Cet article de Dr Adamou Issoufou, juriste et enseignant chercheur à l’université Cheikh Anta Diop de Dakar  permet de clarifier une polémique inutilement entretenue au sujet de l’éligibilité du Candidat Bazoum Mohamed. En effet, au regard des pièces qu’il a produites devant la Cour constitutionnelle, l’on constate qu’il est né au Niger (cf. extrait du registre de jugements supplétifs d’acte de naissance n° 304 du 05 juillet 1985) d’une mère née aussi au Niger (cf. extrait du registre de jugements supplétifs d’acte de naissance n°117/JPG du 27 mars 1978). En outre, les mêmes pièces indiquent que l’intéressé est un enfant légitime né d’une mère nigérienne. En conséquence, l’on peut soutenir sans ambages que Monsieur Bazoum Mohamed est nigérien d’origine tant au regard du lien de sol que de celui de sang.

Selon l’écrivain et humoriste américain, « Pourquoi dépenser de l’argent pour faire établir votre arbre généalogique ? Faites de la politique et vos adversaires s’en chargeront ». Jamais une assertion n’a été aussi actuelle au regard des supputations portant sur la nationalité d’origine d’un des candidats à l’élection présidentielle tant les enjeux sont cruciaux pour les uns comme pour les autres.

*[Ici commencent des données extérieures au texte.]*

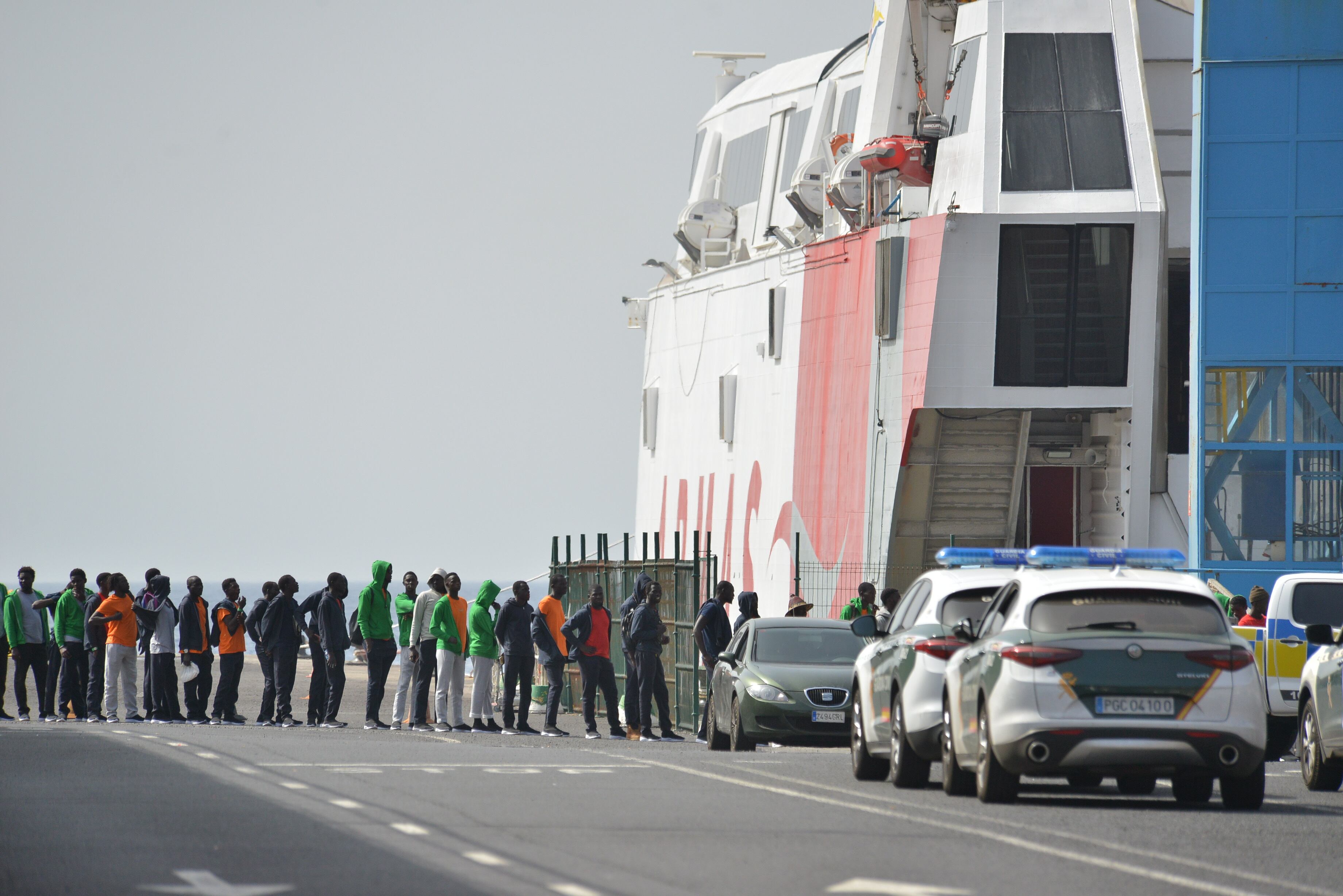 Unos 550 personas que habían llegado a la isla de El Hierro en los últimos días en varios cayucos han sido trasladados este sábado en un barco fletado por la Administración Central a Tenerife. EFE/Gelmert Finol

Pourtant, dans un article assez ancien, le Professeur Pierre François Gonidec (La nationalité dans les Etats de la communauté et dans les Etats marginaux, Annuaire français de droit international, volume 7, 1961. pp. 814-835) rappelait avec pertinence que tous les Codes de nationalité consacrent une série d’articles à la nationalité d’origine, c’est-à-dire, à la nationalité conférée à un individu au moment de sa naissance. Le problème est de savoir quel est le critère adopté pour déterminer cette nationalité d’origine. Les techniques sont en nombre limité : ou bien le législateur tient compte de la filiation (lien du sang) ou bien il se base sur le lieu de naissance (lien du sol) ou bien encore il combine ces deux critères.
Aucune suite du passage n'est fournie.